I have a staff of maybe 20 that are here helping out. I personally take on the larger projects and the celebrity projects. I would not decline a project. It would just end up taking longer. I have my staff that will help me out if I'm overwhelmed. I’m taking on as many projects as I can.

In general, what’s the most expensive piece you’ve made?
The tennis chains with large pink diamonds or whatever might be the case. They get up to $1 million. There's been a handful of seven-digit pieces we've made. Customers like Future and Gervonta Davis spend a lot of money. So does Carti.

What’s the craziest turnaround you’ve had for a custom project?
I'm a perfectionist. I've had projects done and I completely scrapped them to start over. Just last year there was a necklace I built for Latto that I wasn't very happy with. Without even getting her consent, I melted it down and remade it. Obviously, they're a little disappointed, but in the grander scheme of things they understand and are happy. It costs me a lot more to do. But these are relatively expensive pieces of jewelry, so I try to get it right and retain the customer forever.

What was the piece?
It was a 777 necklace, and it was a cross with a pink diamond in the middle. I didn't like the way the necklace laid. So I scrapped it and had it remade.

Latto and Cardi B filmed some of their “Put it on Da Floor” video at your shop. How was that experience?
It was cool. I remember I was in the store with Key Glock at the time, and I got a call from Latto's manager and she was like, “Hey, we wanna use your store for a potential video shoot.” It was hush hush that Cardi B was on there. I consider my customers as friends, and they're probably better at marketing than I am. So I asked Key Glock if it was a good look and he's like, ‘You gotta do that shit.’ [Laughs.] That was like three days before [the shoot]. It didn't take much because we just had to have the store closed for a few hours. It was definitely good publicity for us. 
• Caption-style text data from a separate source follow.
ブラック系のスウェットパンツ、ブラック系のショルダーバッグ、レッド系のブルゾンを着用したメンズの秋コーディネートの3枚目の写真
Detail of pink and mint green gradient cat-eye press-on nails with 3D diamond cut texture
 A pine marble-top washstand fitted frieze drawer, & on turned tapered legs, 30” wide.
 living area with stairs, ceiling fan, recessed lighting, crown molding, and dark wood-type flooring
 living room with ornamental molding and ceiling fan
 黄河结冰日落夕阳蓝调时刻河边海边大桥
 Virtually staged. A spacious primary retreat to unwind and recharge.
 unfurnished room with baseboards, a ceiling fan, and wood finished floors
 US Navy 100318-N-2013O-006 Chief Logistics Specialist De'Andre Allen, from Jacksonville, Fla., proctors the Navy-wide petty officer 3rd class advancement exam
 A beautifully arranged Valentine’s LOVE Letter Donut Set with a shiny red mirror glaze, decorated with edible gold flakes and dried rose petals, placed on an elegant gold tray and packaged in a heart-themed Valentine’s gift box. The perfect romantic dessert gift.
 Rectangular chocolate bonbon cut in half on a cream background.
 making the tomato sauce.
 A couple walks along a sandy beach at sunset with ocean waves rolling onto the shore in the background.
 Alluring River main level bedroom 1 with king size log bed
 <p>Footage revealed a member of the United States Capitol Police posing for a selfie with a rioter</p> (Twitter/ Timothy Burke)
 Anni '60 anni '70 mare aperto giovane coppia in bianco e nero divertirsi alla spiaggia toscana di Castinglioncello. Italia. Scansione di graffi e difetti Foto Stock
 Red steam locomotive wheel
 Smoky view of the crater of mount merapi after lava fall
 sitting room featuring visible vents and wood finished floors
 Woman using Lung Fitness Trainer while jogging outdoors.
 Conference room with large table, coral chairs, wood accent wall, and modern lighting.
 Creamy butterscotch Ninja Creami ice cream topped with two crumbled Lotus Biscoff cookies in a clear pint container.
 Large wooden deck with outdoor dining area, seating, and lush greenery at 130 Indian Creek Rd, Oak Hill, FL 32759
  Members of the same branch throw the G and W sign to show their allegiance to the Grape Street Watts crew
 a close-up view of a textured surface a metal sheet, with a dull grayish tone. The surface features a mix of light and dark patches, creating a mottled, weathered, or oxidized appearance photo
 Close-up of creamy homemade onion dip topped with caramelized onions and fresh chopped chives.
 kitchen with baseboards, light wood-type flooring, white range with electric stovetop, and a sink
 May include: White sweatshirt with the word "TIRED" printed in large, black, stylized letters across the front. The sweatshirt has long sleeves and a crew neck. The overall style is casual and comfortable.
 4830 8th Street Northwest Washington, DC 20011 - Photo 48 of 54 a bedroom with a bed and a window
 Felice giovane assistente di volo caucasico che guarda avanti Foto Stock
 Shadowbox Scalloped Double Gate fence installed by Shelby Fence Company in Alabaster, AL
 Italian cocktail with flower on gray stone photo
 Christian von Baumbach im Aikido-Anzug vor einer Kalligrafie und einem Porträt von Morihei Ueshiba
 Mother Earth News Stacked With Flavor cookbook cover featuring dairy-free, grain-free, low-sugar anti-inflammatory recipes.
I didn't realize how much went into a shoot. It was like 50–60 people here, and I only have a 2,000 square foot store. There were trailers set up outside and stuff like that. But it all went well. I’ve worked with Latta and Cardi for a long time. So it was a no-brainer to help. 

View this video on YouTube

youtube.com

You're based in Atlanta. That seems like the perfect city to be in because of the rich hip-hop culture there. Who was your first big client in the rap world?
Rich the Kid. We had a mutual friend, and he came to the store and purchased a few chains. He was best friends with the Migos at the time, and he told them about me. That's when I started doing custom work. I just made a few pieces for them—the YRN logo or the Migo Gang logo. It went from them to the whole QC [Quality Control Music] camp including P, who's the CEO, Lil Baby, Lil Yachty, who has a strong affection for jewelry, the City Girls. Migos and QC really was the springboard for me working with artists.

You said you weren’t always doing custom work. Was it hard to learn that aspect of the business?
Custom work was not so prevalent in the jewelry world until recently. The manufacturing capabilities have made the custom projects more streamlined. It was a very one-off type thing for us. We always took custom orders but to be able to streamline it from conception to production in a month was the challenging part. I purchased a factory that had the tools to streamline that process. That was a big precursor for the growth of my custom business.

Is there a custom piece that you're most proud of?
I'm more excited about the pieces that we're building right now. I'm always trying to push the envelope. So I think the ones that I'm most proud of haven't been finished yet. And it might be the same answer next year. [Laughs.]

What are your goals looking forward to 2024 and beyond?
Just to stay busy and keep pushing the envelope. There's plenty of great jewelers in the business that keep us on our toes, so my goal is always to not get complacent. 

There's pieces that I'm working on now that will break the Internet when we post them.